PROBLEM REQUIREMENTS:
When you reach the line containing "Alfa Romeo presentó" in the data below, begin returning lines exactly as written, and stop once the line containing "Building Photo - Beautiful" has been returned.

RECORDS SUPPLIED:
BEGIN

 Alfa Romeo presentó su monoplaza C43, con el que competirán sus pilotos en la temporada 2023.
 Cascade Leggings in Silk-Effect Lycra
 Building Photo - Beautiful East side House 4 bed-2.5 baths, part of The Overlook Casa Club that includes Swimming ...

END
BEGIN

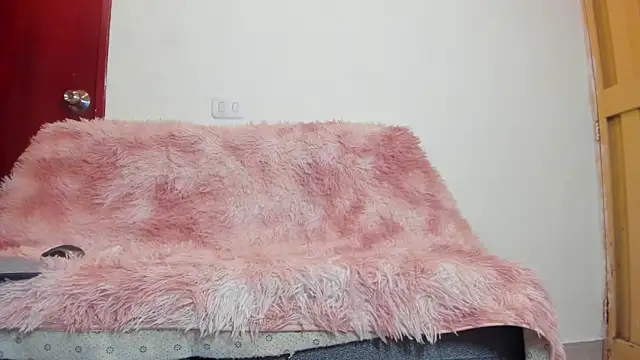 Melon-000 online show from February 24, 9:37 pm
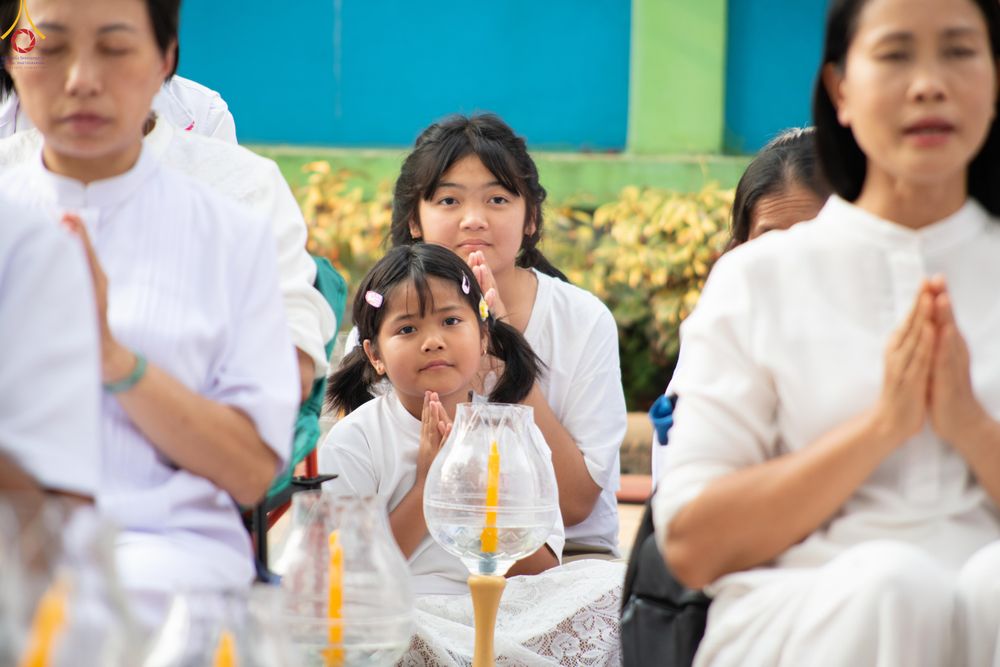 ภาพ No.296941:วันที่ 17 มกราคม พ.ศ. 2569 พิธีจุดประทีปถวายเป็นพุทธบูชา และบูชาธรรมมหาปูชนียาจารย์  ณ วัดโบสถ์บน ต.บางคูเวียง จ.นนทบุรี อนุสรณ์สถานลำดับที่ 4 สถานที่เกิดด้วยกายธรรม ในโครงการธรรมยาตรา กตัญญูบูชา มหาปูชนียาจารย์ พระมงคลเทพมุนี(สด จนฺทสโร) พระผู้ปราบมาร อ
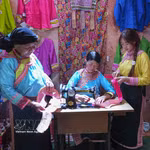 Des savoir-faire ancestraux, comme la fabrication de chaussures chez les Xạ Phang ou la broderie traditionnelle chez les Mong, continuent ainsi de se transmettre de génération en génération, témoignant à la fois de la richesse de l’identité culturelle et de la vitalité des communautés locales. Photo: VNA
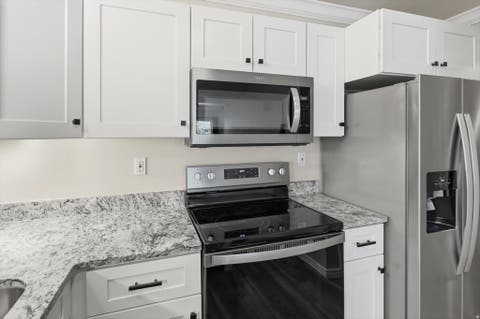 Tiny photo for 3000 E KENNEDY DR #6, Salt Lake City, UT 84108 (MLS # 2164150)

END

FINISHED EXERCISE:
 Alfa Romeo presentó su monoplaza C43, con el que competirán sus pilotos en la temporada 2023.
 Cascade Leggings in Silk-Effect Lycra
 Building Photo - Beautiful East side House 4 bed-2.5 baths, part of The Overlook Casa Club that includes Swimming ...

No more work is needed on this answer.